According to the Small Business and Entrepreneurship Council:

       This is a long overdue solution that will widen the pool of 
     potential funders for entrepreneurs. Our economy will improve 
     once entrepreneurs are provided the tools, opportunities and 
     incentives that they need to hire and invest.

  Earlier this month, the SEC Small Business Advisory Committee on 
Small and Emerging Companies recommended that the agency ``relax or 
modify'' the general solicitation prohibition as a good policy to 
increase the amount of capital available to small businesses.
  In his State of the Union Address last week, President Obama called 
on Congress to pass legislation that will help startups and small 
businesses access capital in order to expand and create jobs. The 
President said:

       Most new jobs are created in start-ups and small 
     businesses. So let's pass an agenda that helps them succeed. 
     Tear down regulations that prevent entrepreneurs from getting 
     the financing to grow. Both parties agree on these ideas. So 
     put them in a bill and get it on my desk this year.

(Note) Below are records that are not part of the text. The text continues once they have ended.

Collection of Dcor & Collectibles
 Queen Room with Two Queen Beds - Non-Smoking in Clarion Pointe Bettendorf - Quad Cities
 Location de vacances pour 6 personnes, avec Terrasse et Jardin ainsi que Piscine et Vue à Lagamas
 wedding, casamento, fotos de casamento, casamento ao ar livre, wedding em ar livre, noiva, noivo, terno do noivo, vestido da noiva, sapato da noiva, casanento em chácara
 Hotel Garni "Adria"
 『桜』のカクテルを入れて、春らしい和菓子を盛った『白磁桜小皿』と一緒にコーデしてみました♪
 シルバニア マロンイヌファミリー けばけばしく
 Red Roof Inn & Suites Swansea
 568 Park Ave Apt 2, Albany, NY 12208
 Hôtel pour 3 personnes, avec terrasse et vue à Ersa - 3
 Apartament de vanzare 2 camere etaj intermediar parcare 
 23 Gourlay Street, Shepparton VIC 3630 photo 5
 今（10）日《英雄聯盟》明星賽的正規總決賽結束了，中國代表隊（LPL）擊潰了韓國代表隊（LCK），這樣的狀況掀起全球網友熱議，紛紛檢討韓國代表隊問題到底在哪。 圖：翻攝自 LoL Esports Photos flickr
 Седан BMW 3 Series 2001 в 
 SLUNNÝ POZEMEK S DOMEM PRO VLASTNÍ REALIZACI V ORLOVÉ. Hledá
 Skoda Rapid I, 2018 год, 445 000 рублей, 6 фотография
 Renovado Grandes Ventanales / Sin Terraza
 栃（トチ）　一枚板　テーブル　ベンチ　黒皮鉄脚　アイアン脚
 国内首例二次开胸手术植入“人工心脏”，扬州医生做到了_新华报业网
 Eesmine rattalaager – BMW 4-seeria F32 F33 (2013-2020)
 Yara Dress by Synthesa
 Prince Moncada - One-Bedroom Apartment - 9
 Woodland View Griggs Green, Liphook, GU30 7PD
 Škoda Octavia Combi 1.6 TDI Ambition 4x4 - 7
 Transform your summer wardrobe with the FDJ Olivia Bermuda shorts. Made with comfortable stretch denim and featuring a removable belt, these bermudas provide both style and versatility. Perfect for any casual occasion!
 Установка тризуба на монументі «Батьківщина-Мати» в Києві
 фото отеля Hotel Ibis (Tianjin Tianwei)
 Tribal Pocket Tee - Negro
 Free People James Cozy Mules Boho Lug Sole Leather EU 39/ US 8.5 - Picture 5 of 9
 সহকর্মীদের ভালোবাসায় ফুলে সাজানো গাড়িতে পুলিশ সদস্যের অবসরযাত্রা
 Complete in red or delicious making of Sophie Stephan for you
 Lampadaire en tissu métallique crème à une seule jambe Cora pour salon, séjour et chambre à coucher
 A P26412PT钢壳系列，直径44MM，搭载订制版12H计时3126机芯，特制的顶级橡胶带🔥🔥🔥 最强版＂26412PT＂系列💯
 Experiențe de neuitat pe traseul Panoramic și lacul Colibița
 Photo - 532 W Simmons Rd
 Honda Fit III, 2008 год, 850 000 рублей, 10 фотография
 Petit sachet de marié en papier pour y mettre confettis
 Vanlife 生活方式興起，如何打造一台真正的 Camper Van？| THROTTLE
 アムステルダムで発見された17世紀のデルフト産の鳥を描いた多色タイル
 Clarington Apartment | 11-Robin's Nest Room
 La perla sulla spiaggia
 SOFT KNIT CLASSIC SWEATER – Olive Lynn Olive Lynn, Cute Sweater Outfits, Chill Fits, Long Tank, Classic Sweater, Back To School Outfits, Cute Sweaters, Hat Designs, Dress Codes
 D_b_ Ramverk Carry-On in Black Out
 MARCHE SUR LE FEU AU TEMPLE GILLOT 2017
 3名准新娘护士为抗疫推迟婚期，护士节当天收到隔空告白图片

  This is exactly what this amendment will do. And it has support from 
investors and entrepreneurs alike. When you have unemployment hovering 
around 9 percent, we need to pass legislation that will enable our job 
creators to expand and create jobs. As I said, this legislation 
received overwhelming bipartisan support in the House of 
Representatives. I hope we can do the same here in the Senate by 
passing this amendment.
  We all talk about the importance of making it easier, making it less 
costly, less difficult for our small businesses and entrepreneurs to 
get access to capital so they can create jobs and get the economy 
growing again. So many times these are contentious, they are 
controversial differences of opinion about how best to do that. We 
fight over regulations, we fight over taxes. This is something where 
there is broad bipartisan support, almost unanimous support in the 
House of Representatives, a vote of 413 to 11 in support of this 
legislation when it was voted on in the House of Representatives.
  We have an opportunity to do something that is very straightforward, 
that is broadly supported by both Democrats and Republicans--at least 
it was in the House of Representatives--that the President has 
suggested we ought to be working on, looking for these types of 
approaches to freeing up access to capital for our small businesses.
  You have the folks out there in the business community overwhelmingly 
supportive of doing away with the regulatory barrier, the regulatory 
obstacle this particular regulation represents in terms of access to 
capital for our small businesses. It seems like one of those issues on 
which there should be no disagreement. I hope that will be the case. I 
hope we can get a vote on this amendment, get this put into law and put 
into effect so our small businesses and our entrepreneurs in this 
country can do what they do best; that is, create jobs. They have to 
have access to capital in order to do that. This makes that process 
easier. It does away with some of these unnecessary regulations and 
roadblocks and barriers that exist today.
  I hope my colleagues in the Senate will support this amendment.
  I yield the floor.
  The PRESIDING OFFICER. The Senator from Maine.
  Ms. COLLINS. Mr. President, earlier we agreed to alternate side to 
side for the offering of amendments. However, I would say to the 
Democratic floor manager that there do not appear to be any Democrats 
right now who are seeking recognition. Therefore, I would ask unanimous 
consent that the Senator from Arizona be permitted to proceed at this 
time, given the absence of a Democrat on the floor.
  The PRESIDING OFFICER. Without objection, it is so ordered.
  The Senator from Arizona.


                Amendment No. 1471 to Amendment No. 1470

  Mr. McCAIN. Mr. President, I thank both the Senator from New York and 
the Senator from Maine for their courtesy.

[[Page S184]]

  I ask unanimous consent to set aside the pending amendment and call 
up amendment No. 1471.
  The PRESIDING OFFICER. Without objection, it is so ordered.
  The clerk will report.
  The bill clerk read as follows:

       The Senator from Arizona [Mr. McCain], for himself, Mr. 
     Rockefeller, Mr. Enzi, Mrs. McCaskill, Mr. Johanns, Mr. 
     Barrasso, Mr. Blunt, and Mr. Graham, proposes an amendment 
     numbered 1471 to amendment No. 1470.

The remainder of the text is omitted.